Lesnar is among the most popular athletes in both mixed martial arts and professional wrestling. He beat Mark Hunt at UFC 200 in Las Vegas last weekend, handily winning his first MMA fight in nearly five years.
“We will get to the bottom of this,” Lesnar said in a statement provided exclusively to The Associated Press.
The AP also obtained copies of three letters from the U.S. Anti-Doping Agency to Lesnar, informing the fighter that he had passed tests on three samples submitted over a nine-day period in mid-June, mere days before the sample with the potential violation was collected.
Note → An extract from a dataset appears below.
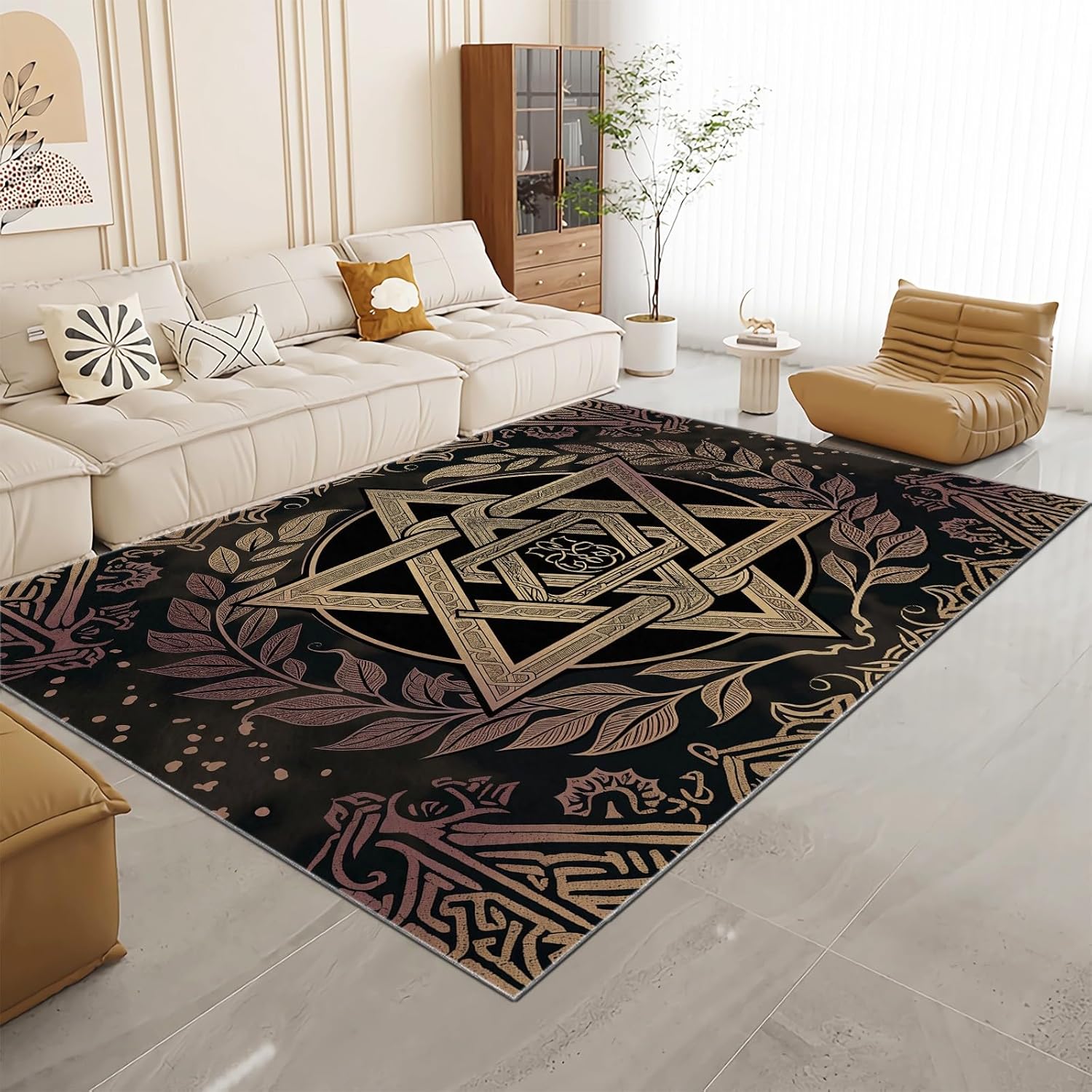 Area Rug 2 x 3 ft Viking Runes Geometric Shapes Black Gold, Machine Washable Rugs for Living Room Dining Room Carpet Non-Shedding and Easy-Cleaning with Backing Non-Slip, Kid Pet Friendly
Lesnar, who turned 39 this week, has been rigorously drug-tested since announcing his return to UFC competition last month. USADA typically requires an athlete to submit to testing for four months before a UFC competition, but Lesnar was allowed to be tested in a shorter window because of the short time between his announced comeback in June and his return fight in early July.
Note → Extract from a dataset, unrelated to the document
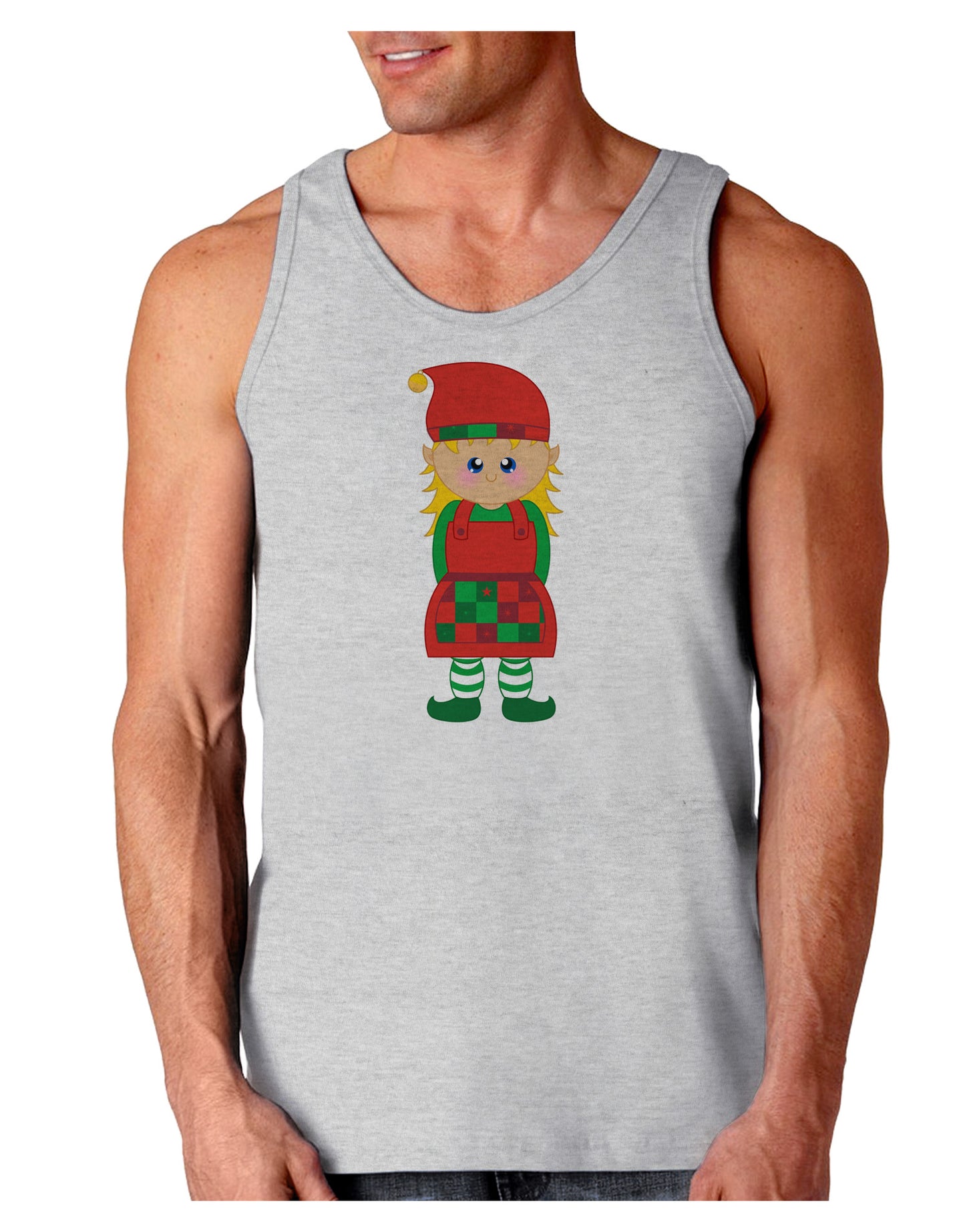 Cute Christmas Elf Girl Loose Tank Top-Loose Tank Top-TooLoud-AshGray-Small-Davson Sales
USADA, which administers the UFC’s doping policy, received Lesnar’s test results Thursday evening from the WADA-accredited laboratory at UCLA. The test wasn’t processed in time to potentially endanger his participation in UFC 200 on July 9.
Interim light heavyweight champion Jon Jones was pulled from the main event of UFC 200 four days before his bout when he also received notice of a potential anti-doping violation. Jones and his camp have denied the allegations and raised concerns about the possibility of a tainted nutritional supplement causing the failure.
USADA, the UFC and Lesnar all declined to specify the substance which raised concerns.
In a statement, the UFC noted that Lesnar will have a legal review process before sanctions are imposed by the promotion or the Nevada Athletic Commission, which has jurisdiction because the out-of-competition test was performed close to UFC 200.
Lesnar made a UFC-record $2.5 million guaranteed purse for his first bout since late 2011, returning to the sport where set pay-per-view sales records while winning and losing the heavyweight title during a meteoric MMA career. (AP)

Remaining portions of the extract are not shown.